Thomas McGuane

Class of 1958
Humanities
American author of Ninety-Two in the Shade, The Missouri Breaks and many more
After briefly attending the University of Michigan and Olivet College, McGuane thrived academically at Michigan State University, where he received a B.A. in English in 1962 and met his lifelong friend Jim Harrison. At the Yale School of Drama (M.F.A., 1965), he studied playwriting and dramatic literature. A Wallace Stegner Fellowship to Stanford University (1966–67) provided him the time and resources to finish his first published novel, The Sporting Club, published with Harrison's help in 1969. The Sporting Club is an anarchic portrayal of aristocratic decline and eventual ruin at an elite Michigan outdoor club.[3]McGuane wrote the novel in a frenetic six weeks after his initial hopes for a published novel in The Dial were dashed by its editor at the time, E. L. Doctorow.
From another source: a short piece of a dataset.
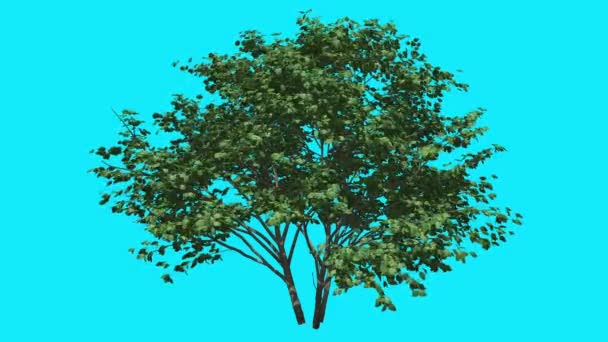 Réka somfa imbolygott vékony fa a Chroma Key fa kék képernyő ágak zöld levelek Swaying a szél számítógép generált animáció - Felvétel, videó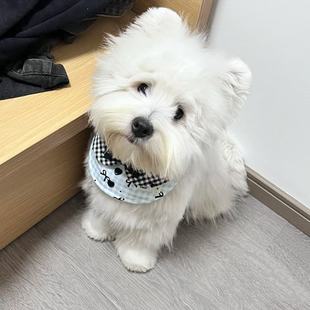 猫咪狗可爱围兜宠物蕾丝布艺口水巾手工编织拍照饰品围脖装 饰项圈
Upon completing his Stegner Fellowship, McGuane and his wife, Rebecca Portia Crockett (a direct descendant of Davy Crockett), began to divide their time between Livingston, Montana, and Key West, Florida. When the screen rights to The Sporting Club were purchased, he invested the funds in ranch property in Montana's Paradise Valley. His second novel, The Bushwhacked Piano, a picaresque comedy chronicling the romantic, sporting, and entrepreneurial hijinks of Nicholas Payne, traipsing from Michigan to Montana to Florida and sprinkled with wry commentary on the current state of America, appeared in 1971 to rave reviews. Jonathan Yardley in the New York Times called the 31-year-old McGuane “a talent of Faulknerian potential,” while Saul Bellow described McGuane as “a language star.” The novel won the Rosenthal Award of the American Academy and Institute of Arts and Letters.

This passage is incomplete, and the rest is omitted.